Bitcoin’s May setup is drawing fresh attention after two consecutive green months, with Trader_XO pointing to seasonality data that leaves BTC on the edge of a rare three-month streak. The question is whether the historical pattern has real market weight this time, or whether the latest geopolitical shock has already complicated the signal.
Bitcoin Eyes Rare Three-Month Winning Streak“Bitcoin seasonality, with context,” Trader_XO wrote. “May stats: Positive ~60% of the time (8/13 years). Avg return: ~+8%. Median return: ~+3%. Only once has BTC had March, April, May all green (2019). This year so far: March: +1.81%. April: +11.87%. May opened at 76.3s. Does May end up being positive by month end?”

The Coinglass table gives the seasonal argument some structure. Its visible average row lists May at +7.82%, making it one of Bitcoin’s stronger months historically, behind October, November and April in the displayed data. The median row shows May at +6.34%, while the broader table highlights how uneven the month has been: May delivered outsized gains in 2017 and 2019, both above 52%, but also saw deep losses in 2021 and 2022, at -35.31% and -15.6%.

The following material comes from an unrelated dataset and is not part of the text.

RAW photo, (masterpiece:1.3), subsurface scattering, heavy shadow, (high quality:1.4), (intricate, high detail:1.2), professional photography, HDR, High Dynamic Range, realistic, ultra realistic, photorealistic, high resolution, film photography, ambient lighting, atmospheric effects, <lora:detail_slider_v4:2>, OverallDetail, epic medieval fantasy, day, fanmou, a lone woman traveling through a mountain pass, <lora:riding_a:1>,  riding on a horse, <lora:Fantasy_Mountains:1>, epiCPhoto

That dispersion matters. May’s green bias is not the same as a reliable monthly trade. The chart shows positive May returns in eight of the past 13 completed years, but the losses, when they arrived, were large enough to make context more important than a simple seasonal read.
That was also the point raised in the replies. StrongHedge argued that “context matters alongside data,” noting that in 2019 the market had “pico bottomed” and was beginning a new uptrend. Trader_XO agreed, responding: “Yep — exact same thoughts.” The comparison is important because 2019 remains the only year in the dataset where Bitcoin posted gains in March, April and May in sequence.
The relief move did not hold. Later, Iran’s Fars news agency reported that missiles had hit a US warship near Jask Island after it ignored Iranian warnings, while US officials denied that any Navy vessel had been struck. Bitcoin quickly lost the $80,000 breakout and slipped back toward the high-$78,000s.
At press time, BTC traded at $78,755.